_Data extract_:
───

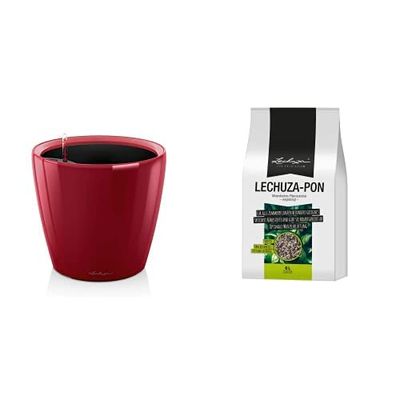 Lechuza Vaso Classico Premium 28 Set completo, Colore rosso lucido Pon, Substrato minerale e inorganico, adatto per coltura, a rilascio graduale di sostanze nutritive, confezione 6 L0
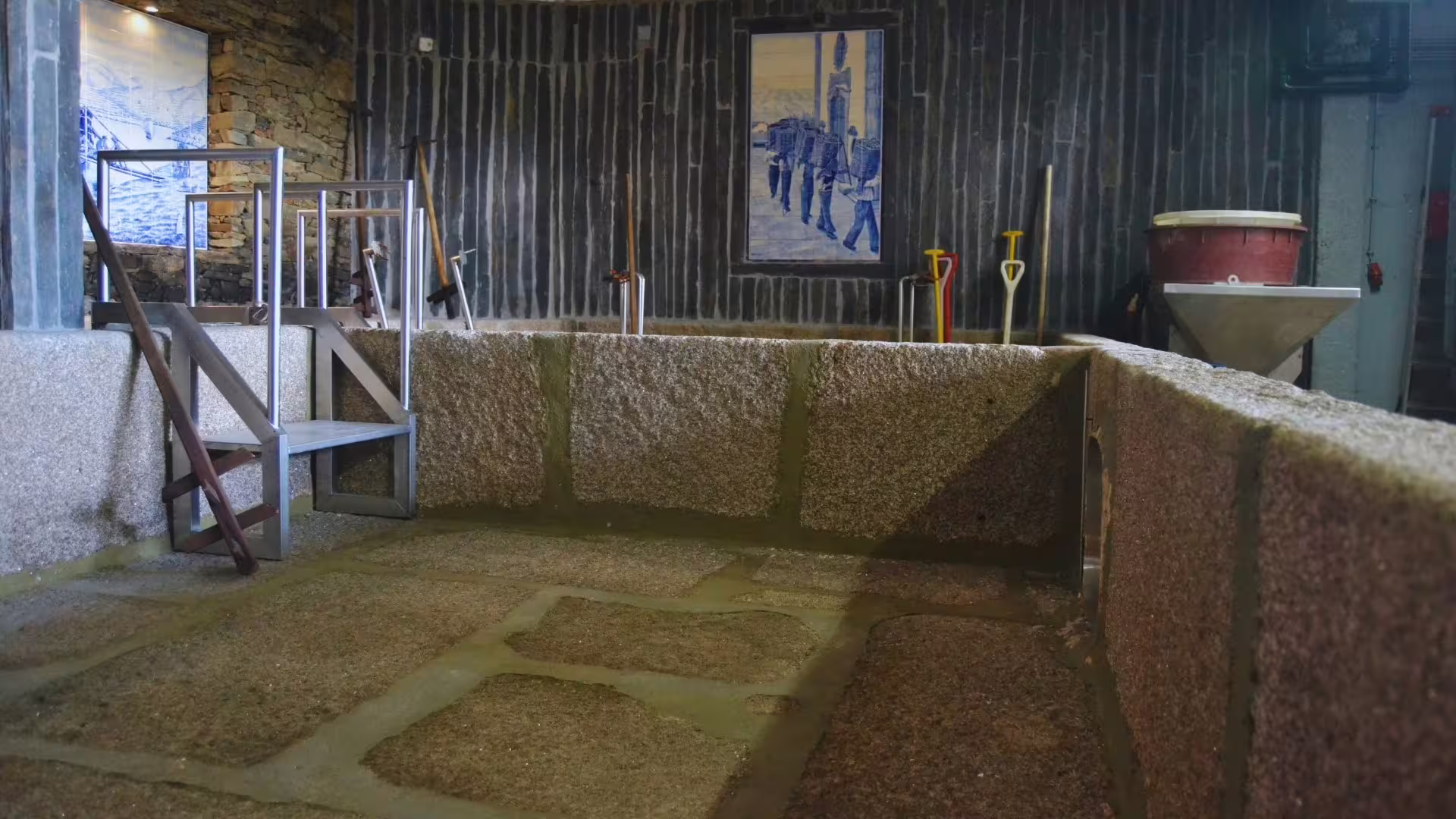 Image of a wine press made with stone at a Douro Valley winery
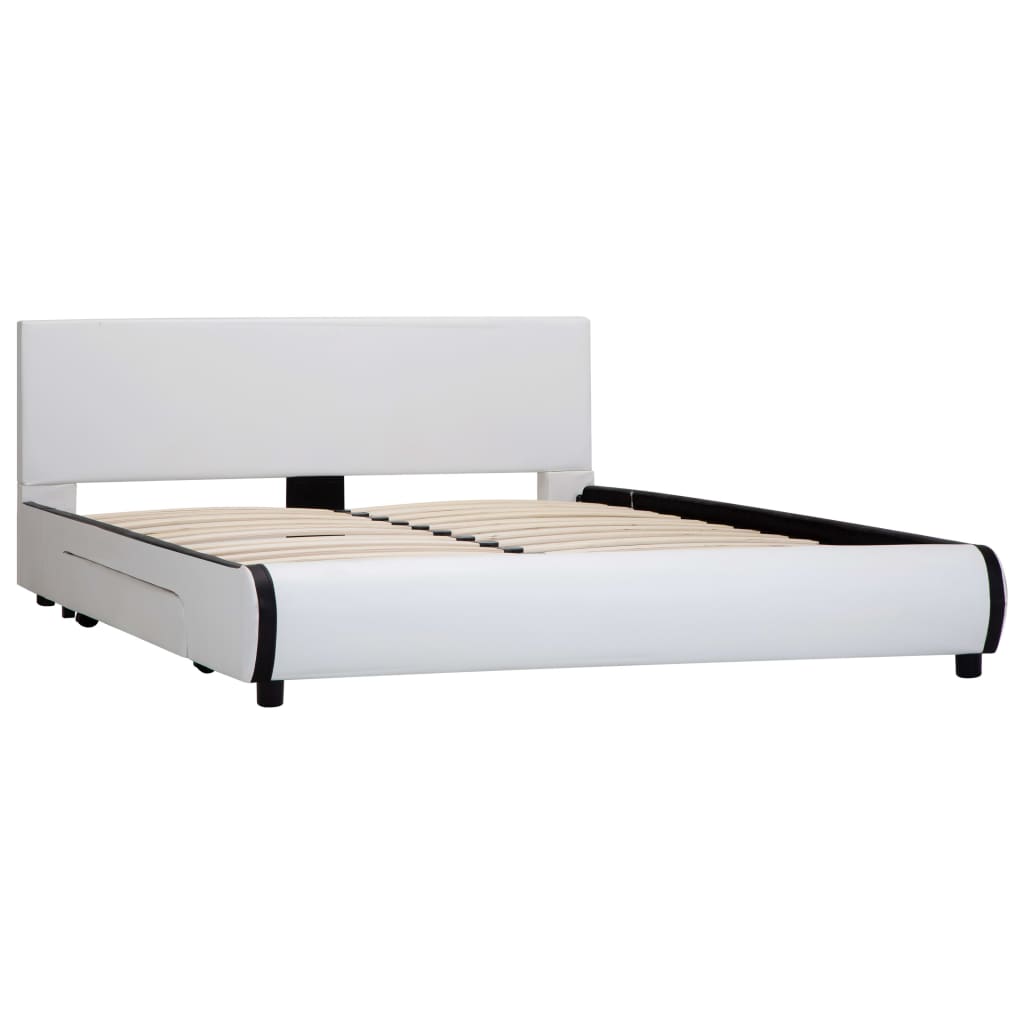 vidaXL Bed Frame with Drawers White Faux Leather 153x203 cm Queen Size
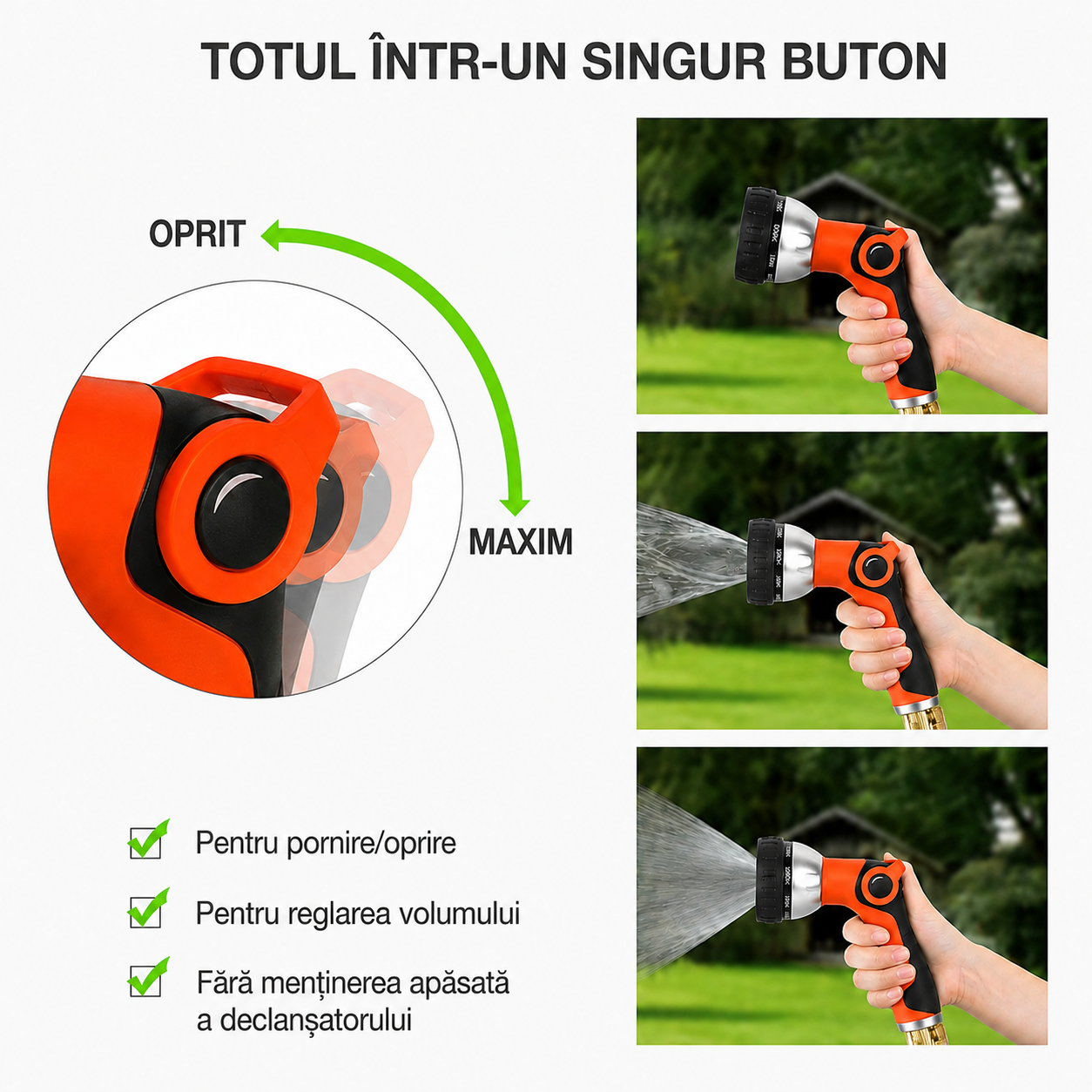 Pistol Multifuncțional pentru Udat cu 3 Accesorii | AquaFlow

───

_Work to be completed_:
Drop the pictures, then transcribe the lines from the one containing "vidaXL Bed Frame" to the end of the data above, exactly and nothing more.

_Answer space_:
 vidaXL Bed Frame with Drawers White Faux Leather 153x203 cm Queen Size
 Pistol Multifuncțional pentru Udat cu 3 Accesorii | AquaFlow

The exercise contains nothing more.